What is worse: erring on the side of least drama or erring on the side of most drama? Even IPCC now says that the risks of mitigating too little are much greater than mitigating too much. In the 9 degrees thread Anderegg et al 2014 on type 1 and 2 errors was referred to. What's your view on this?


I extensively quoted that paper just above (http://forum.arctic-sea-ice.net/index.php/topic,1053.msg39197.html#msg39197).


Michael Hauber's response:

I feel the IPCC message for the average case of temperature projections, and even sea ice projections is about right (and yes I left sea level rise out there lol).  My personal view is that the average and most likely case for climate change is not something to be strongly worried about - from a human welfare point of view (unless we get unlucky with a climate change induced war or something).  Very different if you hold strong natural conservation ethics as I think dramatic ecological disruption is highly likely. 

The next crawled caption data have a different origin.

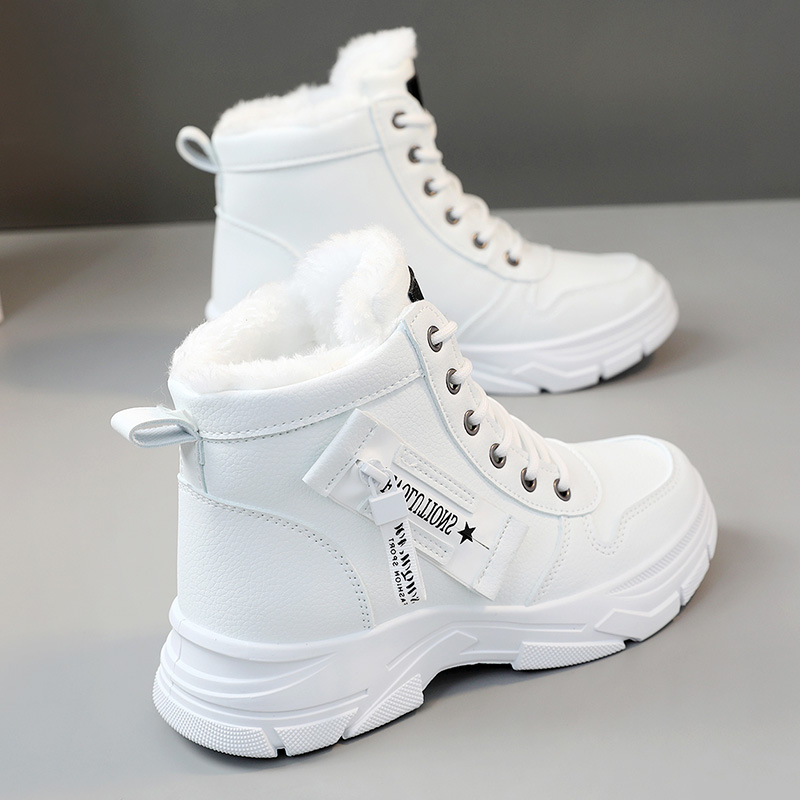 Wedge Espadrille Women - รองเท้าผ้าใบดีไซน์เนอร์สำหรับผู้หญิง รองเท้าลำลองหุ้มข้อสูง รุ่นปี 2024 รองเท้าบุขนสัตว์สำหรับฤดูหนาว รองเท้ากีฬาแบบผูกเชือกหนา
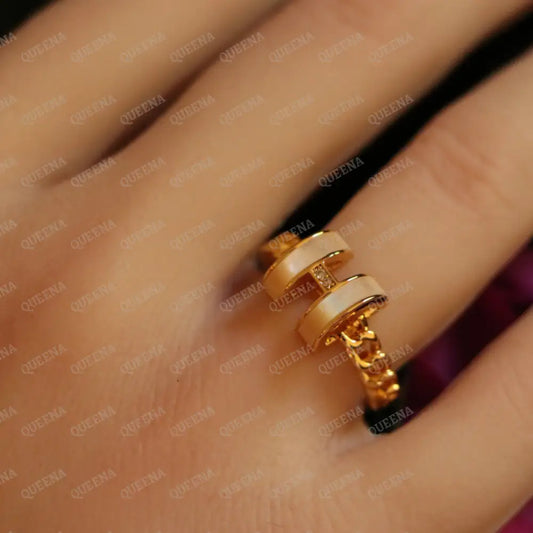 Elegant Trendy Golden H Ring Rings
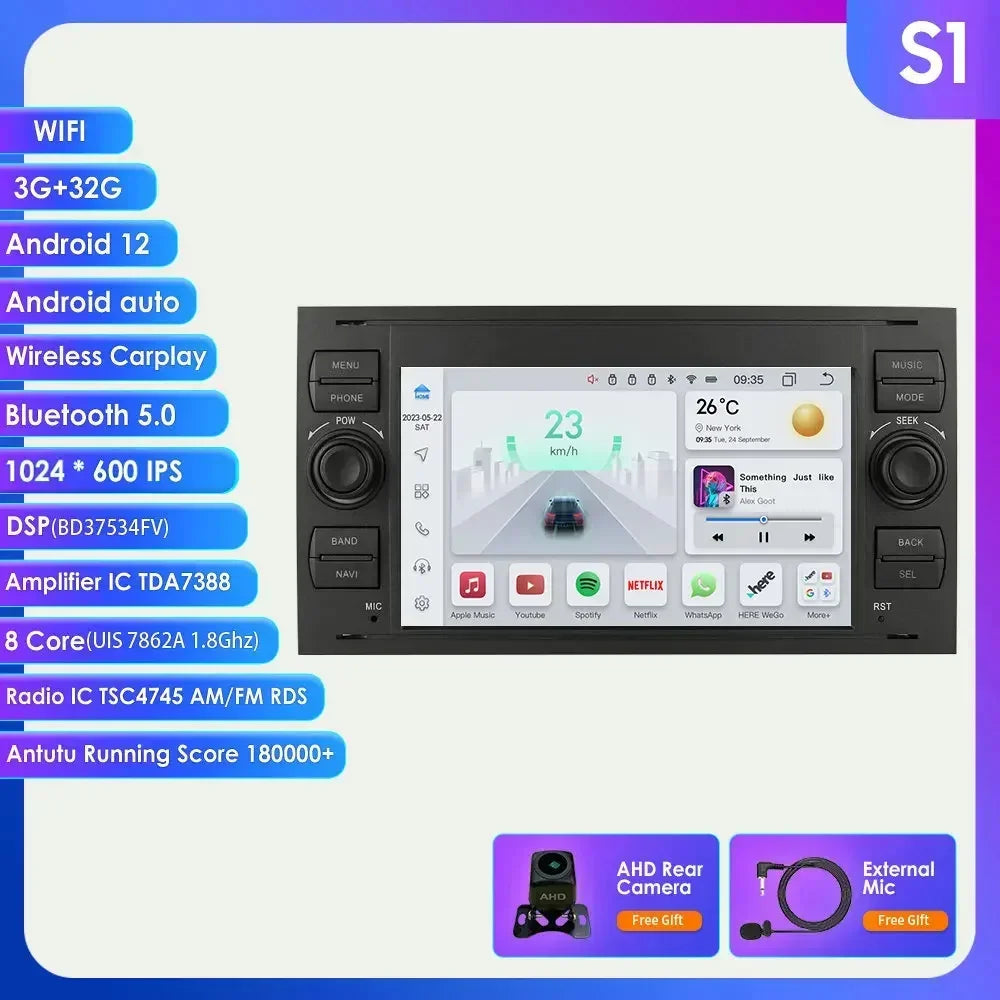 2din Carplay Android Car Radio Multimedia Player for Ford Mondeo Fiesta S-max Focus Galaxy Transit Fusion Connect Kuga GPS NOCAN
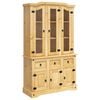 vidaXL Висок шкаф Corona, кафяв, 112x43x191,5 см, мексикански бор масив
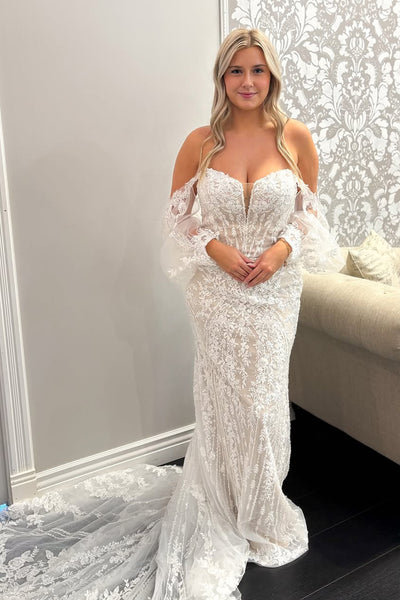 Mermaid Off the Shoulder Long Sleeves Tulle Lace Wedding Dresses with Train DM25102201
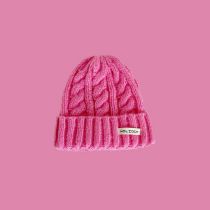 Fashion Four-petal Flower Twist Pink Head Circumference 48-53cm Acrylic Knitted Patch Beanie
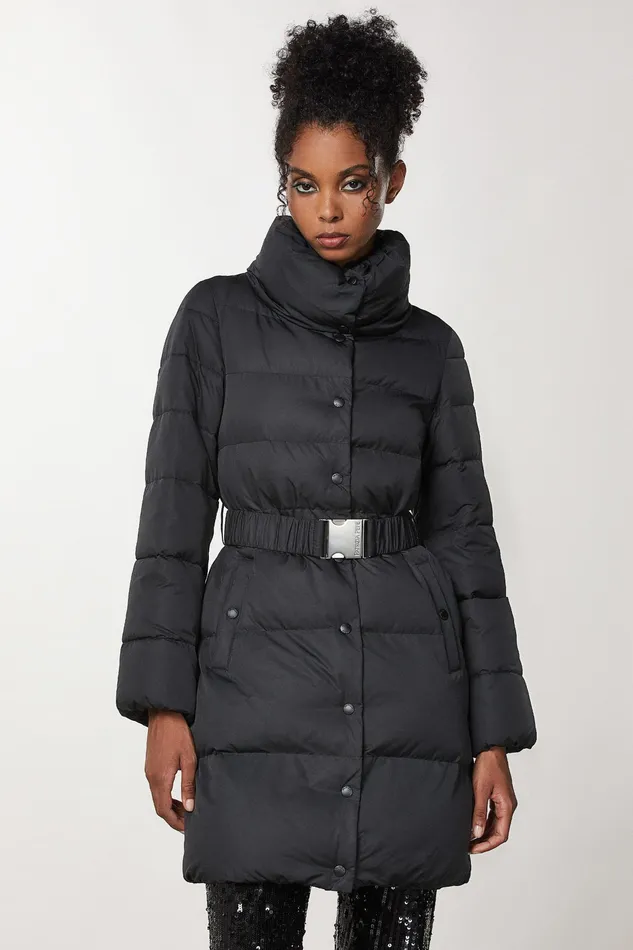 Down Jackets Women Patrizia Pepe Down Jacket With Belt Nero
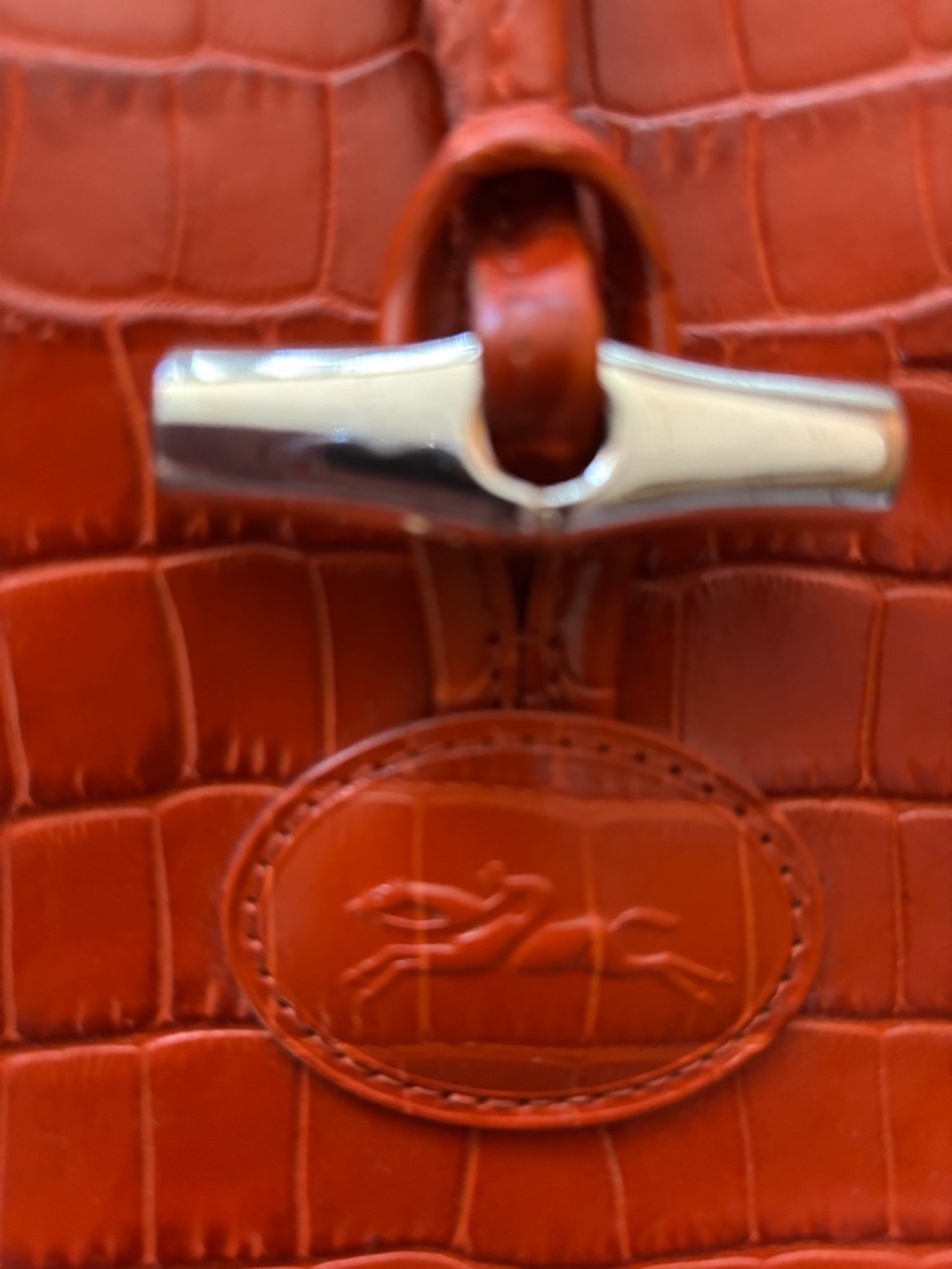 Croc-Embossed Orange Leather Satchel with Polished Hardw - Picture 6 of 10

However the possibility of upper range consequences is a serious concern.  I don't think we can totally rule out possibilities were the majority of the earth becomes uninhabitable to man.  I think such a possibility is unlikely, and that no one has shown a scenario I find convincing where things go really haywire and something along the lines of a runaway clathrate melt down happens.  But I haven't seen anything that nicely rules it out either.  As the IPCC says - it is 'likely' that climate sensitivity is 1.5-4.5.  Which means a 15% chance that sensitivity is above 4.5.  I don't like those odds at all when we are talking about the future habitability of planet earth.

But how do you discuss such a belief in a reasonable way with anyone?  Some people are convinced that global warming will be much less than the IPCC project.  Others seem to be convinced that the warming will be in the upper range.  The idea that warming could be anywhere between 'not particularly scary' and 'horrendous' seems to be one of the least popular beliefs out there.



If this isn't trollish, I don't know what is. The False Equivalency here stinks. Especially if you have "strong conservation ethics", like not killing millions of people.